Find "Agua Bendita (Live Session)" below and begin at its line; stop after the line with "Item preview, The". Output those lines exactly, without pictures.

Data:
○ ○ ○ ○ ○ ○ ○
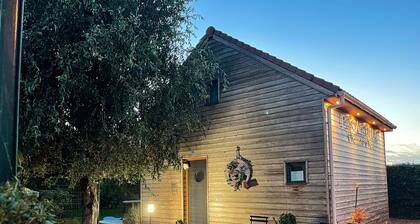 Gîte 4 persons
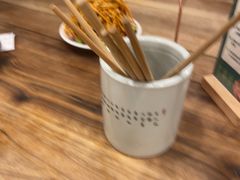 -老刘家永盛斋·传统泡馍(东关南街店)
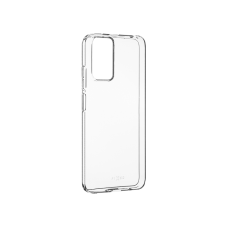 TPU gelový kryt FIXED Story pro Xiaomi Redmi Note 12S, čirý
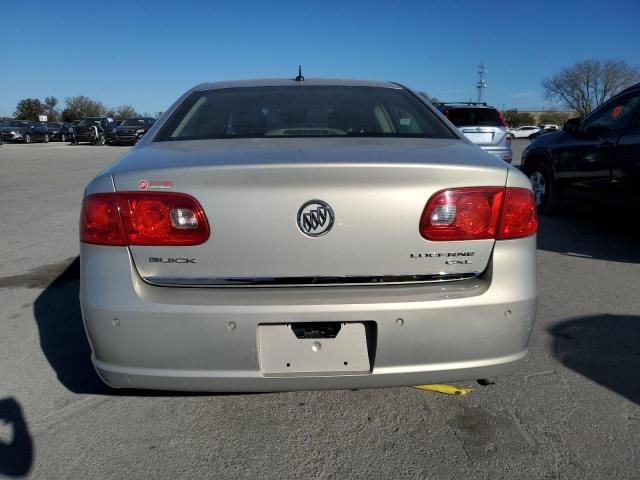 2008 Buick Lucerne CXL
○ ○ ○ ○ ○ ○ ○
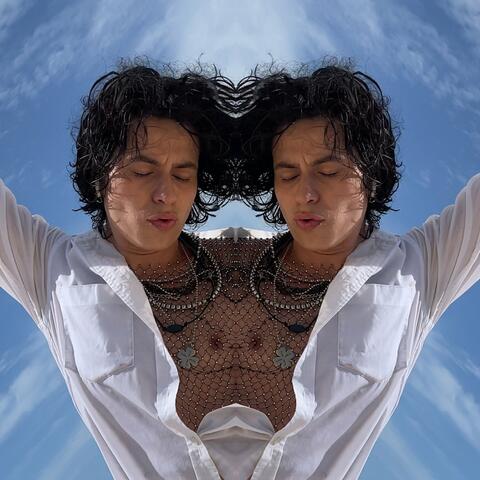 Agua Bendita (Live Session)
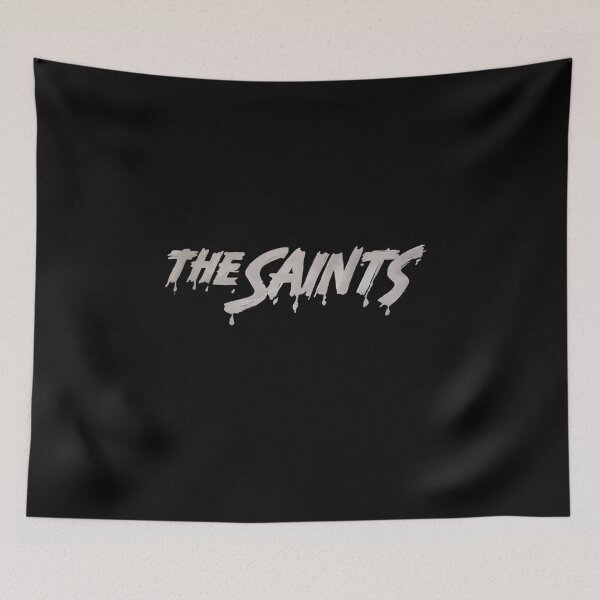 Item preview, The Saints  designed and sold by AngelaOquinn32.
○ ○ ○ ○ ○ ○ ○
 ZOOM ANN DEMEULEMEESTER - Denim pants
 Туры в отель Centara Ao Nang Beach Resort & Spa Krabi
○ ○ ○ ○ ○ ○ ○
Your solution:
 Agua Bendita (Live Session)
 Item preview, The Saints  designed and sold by AngelaOquinn32.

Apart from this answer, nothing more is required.